La valeur des ''sorties médiatiques'' de Trump sont aussi importantes que ses tweets au milieu de la nuit... du bruit et du symbole. Par contre, et il est au moins lucide la-dessus, c'est que les GAFAM et bien d'autres entreprises du numérique sont des joyaux de la nouvelle économie... et des Chevaux de Troie extrêmement efficaces. Trump est peut-être déséquilibré pas complètement idiot, tout de même.

En terminant, je dirais que les GAFAM ont des concurrents très actifs, de plus en plus puissants et agiles du côté de la Chine, et là ce sont des forces titanesques avec des budgets et des moyens colossaux qui s'affrontent à coup d'acquisitions, d'innovations et de prise de possession de territoires... dont l'Europe !
a écrit le 20/03/2018 à 18:50 :
Qu'ils payent leurs impôts (comme les PME) ou alors qu'ils se cassent...Le reste n'est que magouille et "arrangements"..

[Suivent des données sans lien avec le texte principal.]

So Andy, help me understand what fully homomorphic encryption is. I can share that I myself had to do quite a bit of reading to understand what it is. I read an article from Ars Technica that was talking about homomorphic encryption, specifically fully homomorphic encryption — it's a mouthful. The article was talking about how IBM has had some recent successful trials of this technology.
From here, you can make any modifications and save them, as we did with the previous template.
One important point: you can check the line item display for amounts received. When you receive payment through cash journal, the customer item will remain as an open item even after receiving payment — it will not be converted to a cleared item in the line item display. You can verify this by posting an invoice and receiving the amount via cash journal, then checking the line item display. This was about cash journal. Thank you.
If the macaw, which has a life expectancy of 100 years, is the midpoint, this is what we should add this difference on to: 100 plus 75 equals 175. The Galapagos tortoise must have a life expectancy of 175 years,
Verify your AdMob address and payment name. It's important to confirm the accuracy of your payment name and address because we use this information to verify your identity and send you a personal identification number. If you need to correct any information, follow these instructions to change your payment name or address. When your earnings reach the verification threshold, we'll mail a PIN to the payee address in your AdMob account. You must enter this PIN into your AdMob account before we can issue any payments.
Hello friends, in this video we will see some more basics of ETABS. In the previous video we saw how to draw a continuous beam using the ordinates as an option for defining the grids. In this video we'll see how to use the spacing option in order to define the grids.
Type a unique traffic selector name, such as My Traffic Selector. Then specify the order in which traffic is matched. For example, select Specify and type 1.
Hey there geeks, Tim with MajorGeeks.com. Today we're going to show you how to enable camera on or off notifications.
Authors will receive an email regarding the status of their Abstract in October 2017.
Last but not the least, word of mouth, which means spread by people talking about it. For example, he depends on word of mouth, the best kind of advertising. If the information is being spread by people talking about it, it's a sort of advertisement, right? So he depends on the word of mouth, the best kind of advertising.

a écrit le 20/03/2018 à 10:12 :
GAFA : Google, Apple, Facebook, Amazon
a écrit le 19/03/2018 à 21:17 :
Pour compléter mon commentaire précédent, il se trouve que Trump avait annoncé ses mesures dés le début.
L'Europe a tapé en premier en s'attaquant au business des données en pleine croissance avec la future loi sur la protection des données qui cible les GAFA. Les USA répliquent avec les taxes sur l'acier et l'aluminium. Sauf que les sommes en jeu sur les taxes sur l'acier et l'aluminium sont limitées, que l'UE prépare des mesures de rétorsion et cerise sur le gâteau, les taxes des USA peuvent être contestées devant l'OMC.
Premier round: USA KO
Deuxième round, la fiscalité des GAFA et les USA n'ont même pas de quoi répliquer.

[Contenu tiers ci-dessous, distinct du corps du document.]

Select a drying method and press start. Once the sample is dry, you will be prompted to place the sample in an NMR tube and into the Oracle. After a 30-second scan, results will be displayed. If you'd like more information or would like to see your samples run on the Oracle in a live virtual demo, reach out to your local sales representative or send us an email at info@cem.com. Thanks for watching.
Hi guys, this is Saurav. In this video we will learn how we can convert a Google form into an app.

Bref cette grande guerre commerciale dont les experts avaient peur se transforme en bérézina pour les USA.
a écrit le 19/03/2018 à 20:56 :
Moscovici doit faire peur après ce qu' il a fait avec les banques en tant que ministre des finances!!! et lagarde suppot des américains qui dit travailler ensemble... lolll pendant ma pme paie 20% du ca en charge et les gafa 0 .02 % . des comiques si malheureusement ce n était pas le contribuable français et led pme qui payaient . et macron une blague pire que lagarde et Moscovici et la tribune qui me censure ... j espère que non
Réponse de le 19/03/2018 à 23:08 :
"ma pme paie 20% du ca en charge et les gafa 0 .02 %"
Il y a un an personne n'en parlait, maintenant c'est l'offensive médiatique sur ce sujet, reconnaissez-le. Il faut au moins reconnaitre à Bruno Le Maire le mérite de s'être attaqué au sujet qui est loin d'être facile à traiter d'ailleurs. On jugera sur le résultat de toute façon. Par contre il ne faut pas rêver, le problème ne va pas être réglé au G20 puisque les USA vont dire non. Tout ça, c'est juste pour sensibiliser l'opinion.

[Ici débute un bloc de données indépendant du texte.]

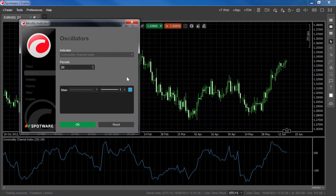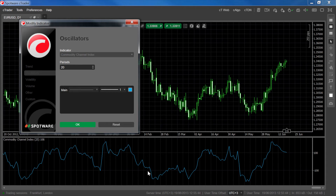When the CCI crosses above the plus 100 level upwards, it indicates a strengthening of a bull trend. When the line crosses below the negative 100 level, this indicates a strengthening bear trend. Traders can use the crossing of these levels as breakout signals.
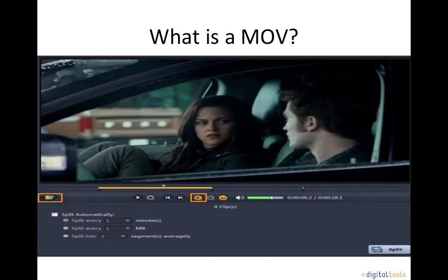A MOV file format is a QuickTime format for Microsoft Windows. MOV is an MPEG-4 video container file format used in Apple's QuickTime program. MOV files use Apple's proprietary compression algorithm.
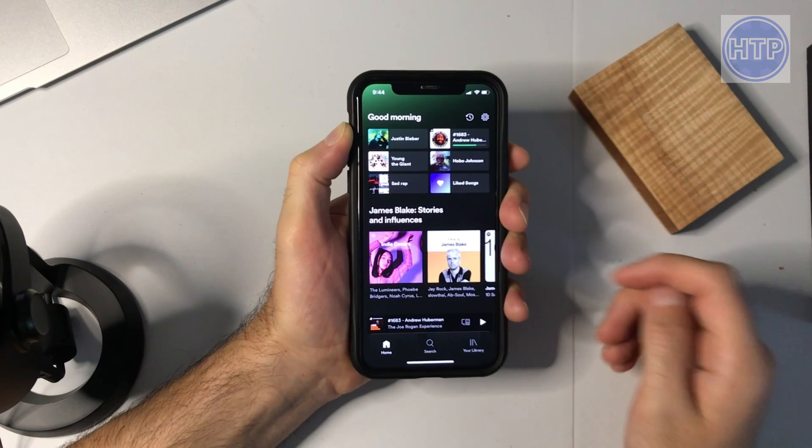Spotify has a really awesome and quick way to share and look up playlists, and that is through codes. Today I'm going to be showing you how to use Spotify codes.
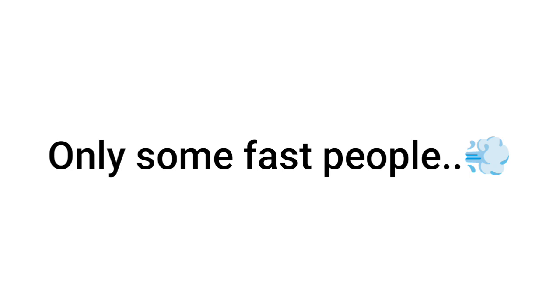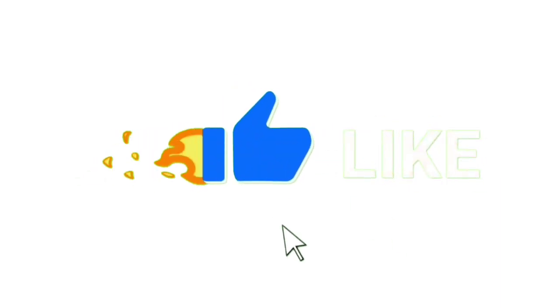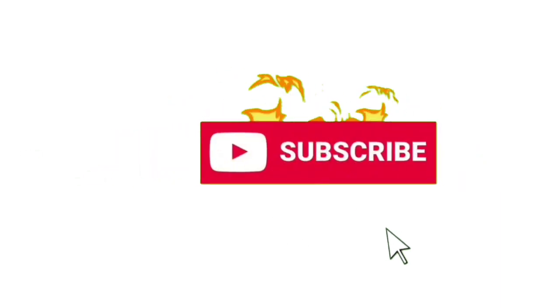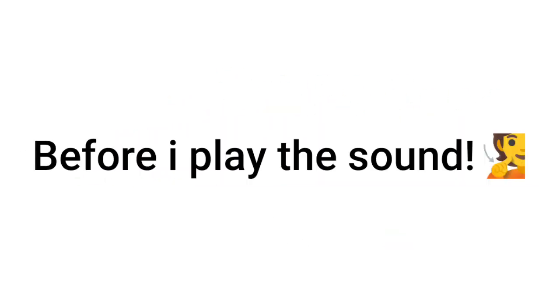Only some fast people can like the video and subscribe before I play the sound.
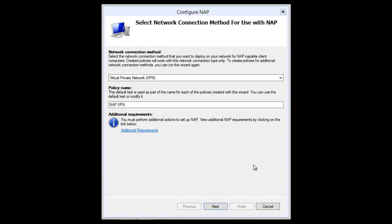In this session, we are going to be looking at setting up network access protection using the virtual private network connection method. If you remember, in our last session we configured network access protection using the DHCP enforcement method. We're going to be using the VPN method in this session.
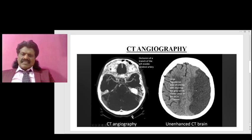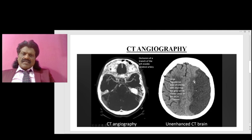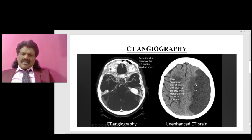Here you can see on the normal side the gray matter and white matter are well differentiated, but on the infarcted side the gray-white matter distinction is lost — there is blurring due to cytotoxic edema. This is the MCA infarct which has resulted from the occlusion of the MCA vessel.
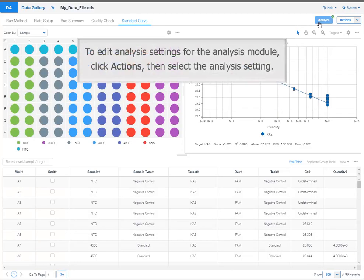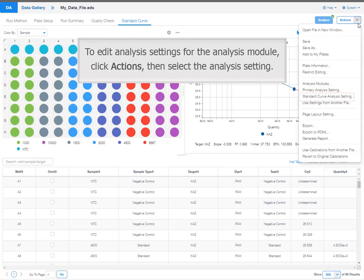To edit analysis settings for the analysis module, click Actions, then select the analysis setting.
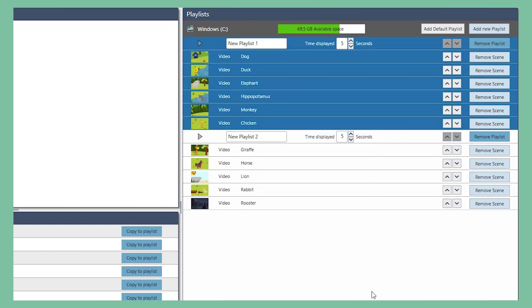If you want to change the duration in which each video is being played, you do that by changing the time here. Change the name of each playlist as you wish.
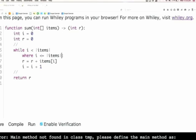Student: 'Would a loop invariant for this one be i less than or equal to the length of items?' Yes, that's right — that's what we've got. And that can be useful. Another suggestion: 'i is always greater than or equal to zero.' Yes, i is always greater than or equal to zero — let's go with that.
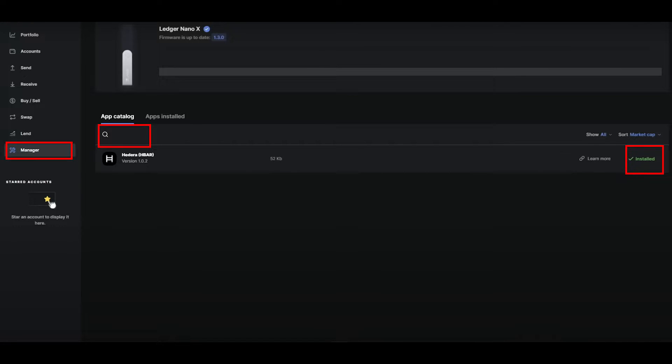After you install the HBAR app on your hashback account, create a new wallet using your Ledger and select the Hedera app on your Ledger Nano X.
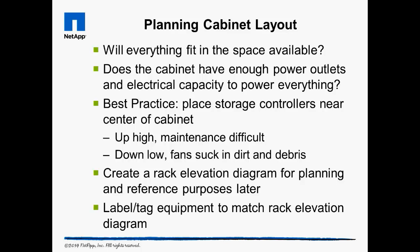The first components to plan for are the storage controllers, which NetApp recommends placing near the center of a cabinet where maintenance is easiest to perform. Another best practice is to install disk shelves in descending order below the storage controllers and in ascending order above the controllers, to have the shortest distance from the controllers to the first shelf of each shelf stack.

Réponse de le 21/03/2018 à 8:46 :
Je ne sais d'où sortent vos chiffres, mais il ressort des comptes annuels de Google ou de Total que le bénéfice net (après impôt) est de 12% du CA pour le premier et de 9% pour le second. Ce qui représente 90% de charge en moyenne.
a écrit le 19/03/2018 à 19:49 :
Ils sont gentils les américains, il s'attaquent à l'acier allemand, à l'aluminium chinois mais il ne faut surtout pas toucher au GAFA.
Sauf que cette fois les américains ont donné un prétexte idéal pour régler le problème GAFA, la prochaine fois Donald Trump évitera de faire le malin. Enfin je dis ça mais c'est plus fort que lui.
a écrit le 19/03/2018 à 19:05 :
"L'Europe et la Chine n'ont pas attendu des mois pour mettre en garde la puissance américaine sur une possible riposte."

LOL

"Washington ouvre le processus d'exemptions des taxes acier/aluminium" https://www.latribune.fr/economie/international/washington-ouvre-le-processus-d-exemptions-des-taxes-acier-aluminium-772319.html

"Cette annonce coïncide avec l'arrivée de responsables européens à Washington pour tenter d'obtenir des exemptions."